米国の研究者らによってアポフィスが初めて観測されたのは、2004年。この小惑星は8年ぶりの2021年3月5日に地球に最接近するが、これは将来地球にアポフィスが衝突する可能性に関する答えを探しだすチャンスとなる。
アポフィスが地球に衝突したらどうなるのか?
ロシアの専門家は2009年、アポフィスが2036年の春に地球に衝突する可能性があると算出した。しかし幸いなことに、この予測が実現する確率は低い。ロシア科学アカデミーの会員でナタン・エイスモント博士(物理数学)によると、2036年に衝突する確率は1000分の1以下。また、NASAの研究者らは100万分の1と見積もっている。
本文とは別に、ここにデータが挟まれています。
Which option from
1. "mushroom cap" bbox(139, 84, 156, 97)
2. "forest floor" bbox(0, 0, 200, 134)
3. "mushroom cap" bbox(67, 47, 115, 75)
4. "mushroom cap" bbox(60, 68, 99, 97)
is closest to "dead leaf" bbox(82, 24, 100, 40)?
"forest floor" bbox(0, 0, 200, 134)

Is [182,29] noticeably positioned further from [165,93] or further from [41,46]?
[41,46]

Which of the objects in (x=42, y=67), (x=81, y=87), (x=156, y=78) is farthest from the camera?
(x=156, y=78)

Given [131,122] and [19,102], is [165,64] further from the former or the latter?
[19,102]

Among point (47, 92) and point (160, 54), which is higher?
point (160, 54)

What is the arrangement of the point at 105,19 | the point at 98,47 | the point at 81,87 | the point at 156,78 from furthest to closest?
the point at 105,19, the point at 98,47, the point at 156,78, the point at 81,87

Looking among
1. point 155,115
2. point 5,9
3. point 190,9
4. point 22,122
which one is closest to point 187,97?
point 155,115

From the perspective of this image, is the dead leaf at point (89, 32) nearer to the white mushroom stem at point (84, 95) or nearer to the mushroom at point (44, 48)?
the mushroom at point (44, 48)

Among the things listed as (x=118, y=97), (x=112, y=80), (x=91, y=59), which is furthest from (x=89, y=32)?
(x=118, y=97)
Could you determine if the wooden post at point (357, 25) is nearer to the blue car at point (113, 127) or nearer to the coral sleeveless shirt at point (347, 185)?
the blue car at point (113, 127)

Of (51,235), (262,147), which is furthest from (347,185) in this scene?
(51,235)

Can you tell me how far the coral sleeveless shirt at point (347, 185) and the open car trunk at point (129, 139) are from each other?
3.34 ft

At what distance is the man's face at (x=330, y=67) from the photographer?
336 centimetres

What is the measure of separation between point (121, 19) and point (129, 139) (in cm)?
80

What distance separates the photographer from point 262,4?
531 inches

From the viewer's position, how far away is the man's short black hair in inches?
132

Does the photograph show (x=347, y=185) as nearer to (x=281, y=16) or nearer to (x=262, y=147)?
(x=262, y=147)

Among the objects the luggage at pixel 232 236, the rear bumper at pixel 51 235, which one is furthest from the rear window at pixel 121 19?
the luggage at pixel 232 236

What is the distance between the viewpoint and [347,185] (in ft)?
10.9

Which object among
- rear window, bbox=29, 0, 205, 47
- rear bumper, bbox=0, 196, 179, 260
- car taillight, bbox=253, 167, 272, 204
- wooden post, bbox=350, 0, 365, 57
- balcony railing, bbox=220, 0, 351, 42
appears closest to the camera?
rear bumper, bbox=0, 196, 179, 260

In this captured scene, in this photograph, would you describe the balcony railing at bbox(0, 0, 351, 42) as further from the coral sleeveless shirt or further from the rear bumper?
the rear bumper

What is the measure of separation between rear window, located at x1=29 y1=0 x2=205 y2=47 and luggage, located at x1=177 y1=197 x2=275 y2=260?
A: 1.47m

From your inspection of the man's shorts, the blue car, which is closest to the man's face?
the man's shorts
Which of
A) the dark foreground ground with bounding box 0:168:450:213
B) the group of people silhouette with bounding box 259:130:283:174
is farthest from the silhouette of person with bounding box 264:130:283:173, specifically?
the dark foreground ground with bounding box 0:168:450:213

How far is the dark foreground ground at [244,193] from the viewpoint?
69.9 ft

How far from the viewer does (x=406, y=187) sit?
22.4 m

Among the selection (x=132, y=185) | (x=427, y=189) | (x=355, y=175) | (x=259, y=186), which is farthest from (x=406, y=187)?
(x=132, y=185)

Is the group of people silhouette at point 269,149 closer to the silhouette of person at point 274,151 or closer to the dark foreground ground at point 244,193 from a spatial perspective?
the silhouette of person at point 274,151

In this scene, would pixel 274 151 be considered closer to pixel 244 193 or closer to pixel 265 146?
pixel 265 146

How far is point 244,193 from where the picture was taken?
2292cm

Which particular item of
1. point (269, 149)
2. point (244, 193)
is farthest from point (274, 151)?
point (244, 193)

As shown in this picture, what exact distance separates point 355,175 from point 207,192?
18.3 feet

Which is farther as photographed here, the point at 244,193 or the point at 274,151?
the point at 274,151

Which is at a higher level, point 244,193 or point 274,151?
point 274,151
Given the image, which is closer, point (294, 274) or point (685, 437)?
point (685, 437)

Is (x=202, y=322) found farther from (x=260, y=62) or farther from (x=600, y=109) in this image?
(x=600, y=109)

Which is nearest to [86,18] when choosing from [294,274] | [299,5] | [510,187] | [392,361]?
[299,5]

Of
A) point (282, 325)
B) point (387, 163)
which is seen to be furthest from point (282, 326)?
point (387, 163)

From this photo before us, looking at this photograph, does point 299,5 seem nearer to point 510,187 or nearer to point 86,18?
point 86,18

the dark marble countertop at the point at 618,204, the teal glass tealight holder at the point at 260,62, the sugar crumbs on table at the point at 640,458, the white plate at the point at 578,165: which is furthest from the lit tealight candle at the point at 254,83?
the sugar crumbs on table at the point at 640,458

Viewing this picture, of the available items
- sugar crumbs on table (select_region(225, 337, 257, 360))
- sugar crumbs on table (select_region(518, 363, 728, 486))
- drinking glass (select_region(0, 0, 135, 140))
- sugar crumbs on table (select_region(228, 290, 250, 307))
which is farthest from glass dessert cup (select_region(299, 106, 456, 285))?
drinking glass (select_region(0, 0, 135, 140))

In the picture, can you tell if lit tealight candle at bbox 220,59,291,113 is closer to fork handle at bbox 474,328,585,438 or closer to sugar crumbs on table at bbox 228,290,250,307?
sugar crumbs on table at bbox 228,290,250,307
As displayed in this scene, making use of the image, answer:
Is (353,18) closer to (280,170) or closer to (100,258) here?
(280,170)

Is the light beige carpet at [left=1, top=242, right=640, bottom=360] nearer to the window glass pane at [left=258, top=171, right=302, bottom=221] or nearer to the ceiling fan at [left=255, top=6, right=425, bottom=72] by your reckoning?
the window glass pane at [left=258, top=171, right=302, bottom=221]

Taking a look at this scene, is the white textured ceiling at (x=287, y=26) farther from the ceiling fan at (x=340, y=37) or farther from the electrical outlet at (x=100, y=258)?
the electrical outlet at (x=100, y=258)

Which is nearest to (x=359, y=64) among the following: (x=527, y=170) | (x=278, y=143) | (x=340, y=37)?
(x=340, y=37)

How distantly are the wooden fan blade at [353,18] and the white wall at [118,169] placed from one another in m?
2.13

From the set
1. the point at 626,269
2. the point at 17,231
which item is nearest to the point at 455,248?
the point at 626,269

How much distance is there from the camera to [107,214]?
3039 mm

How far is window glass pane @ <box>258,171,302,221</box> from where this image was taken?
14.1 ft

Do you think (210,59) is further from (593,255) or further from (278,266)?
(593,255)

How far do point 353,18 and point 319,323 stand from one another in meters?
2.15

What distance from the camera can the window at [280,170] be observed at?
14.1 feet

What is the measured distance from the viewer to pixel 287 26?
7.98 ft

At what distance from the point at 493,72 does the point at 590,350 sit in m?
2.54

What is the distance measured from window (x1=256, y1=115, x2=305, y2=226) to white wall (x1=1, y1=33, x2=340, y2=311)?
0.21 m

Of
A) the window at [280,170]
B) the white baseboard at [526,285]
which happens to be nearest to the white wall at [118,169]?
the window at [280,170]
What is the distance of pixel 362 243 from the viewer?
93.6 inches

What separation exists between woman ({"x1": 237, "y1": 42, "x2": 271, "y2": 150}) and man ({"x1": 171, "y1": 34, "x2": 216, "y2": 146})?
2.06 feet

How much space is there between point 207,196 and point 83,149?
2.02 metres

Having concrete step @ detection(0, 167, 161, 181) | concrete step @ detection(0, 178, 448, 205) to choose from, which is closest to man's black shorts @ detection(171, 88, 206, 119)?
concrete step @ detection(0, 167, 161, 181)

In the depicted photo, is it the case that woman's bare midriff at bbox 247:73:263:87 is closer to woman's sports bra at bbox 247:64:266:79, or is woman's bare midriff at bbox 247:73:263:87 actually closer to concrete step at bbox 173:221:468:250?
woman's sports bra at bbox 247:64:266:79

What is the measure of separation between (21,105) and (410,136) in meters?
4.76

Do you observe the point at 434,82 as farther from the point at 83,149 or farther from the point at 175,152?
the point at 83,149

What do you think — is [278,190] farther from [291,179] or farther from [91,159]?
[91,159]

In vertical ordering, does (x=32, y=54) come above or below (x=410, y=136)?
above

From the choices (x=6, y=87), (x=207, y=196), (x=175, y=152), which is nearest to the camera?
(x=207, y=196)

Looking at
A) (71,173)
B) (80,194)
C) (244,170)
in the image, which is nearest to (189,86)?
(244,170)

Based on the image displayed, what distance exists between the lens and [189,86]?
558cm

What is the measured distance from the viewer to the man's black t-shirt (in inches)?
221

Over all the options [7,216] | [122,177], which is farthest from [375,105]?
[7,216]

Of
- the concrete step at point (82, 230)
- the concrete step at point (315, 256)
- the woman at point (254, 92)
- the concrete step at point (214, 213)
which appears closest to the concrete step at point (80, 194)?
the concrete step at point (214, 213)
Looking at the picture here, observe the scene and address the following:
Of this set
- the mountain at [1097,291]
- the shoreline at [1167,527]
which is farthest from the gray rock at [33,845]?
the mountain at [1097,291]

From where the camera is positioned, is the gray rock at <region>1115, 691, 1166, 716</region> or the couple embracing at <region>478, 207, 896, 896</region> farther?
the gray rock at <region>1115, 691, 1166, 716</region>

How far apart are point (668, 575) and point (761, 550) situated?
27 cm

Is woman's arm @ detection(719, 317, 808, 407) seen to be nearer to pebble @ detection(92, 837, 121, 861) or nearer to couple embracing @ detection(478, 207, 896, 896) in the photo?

しかし、もしアポフィスが地球と衝突したら、 TNT換算で約1000メガトンの爆発が起きる。例えば、1908年にロシアで起きたツングースカ大爆発の威力が10メガトンだったが、最大規模の水爆実験では50メガトンだった。そしてアポフィスの衝突で引き起こされる爆発では、フランスの面積に匹敵する地域が影響を受けるとみられている。
アポフィスについて今理解できることは何?
現在、NASAの広域赤外線探査衛星「NEOWISE」がアポフィスに向かっている。この衛星の主な任務は、アポフィスの運動パラメーターを算出し、その軌道を明らかにすること。ハワイ大学天文学研究所は2020年10月、アポフィスの軌道が年間で170メートルずつ変化していることに気がついた。この程度の変化だと、2068年のアポフィスの軌道を正確に予測することは不可能であるという。
アポフィスが再び地球に最接近するのは、2029年4月13日。この日、アポフィスは地球表面から約2万9470キロという近距離で通過することになる。その際にはこの小惑星が静止衛星の軌道の内側に入り、肉眼で観察することができるという。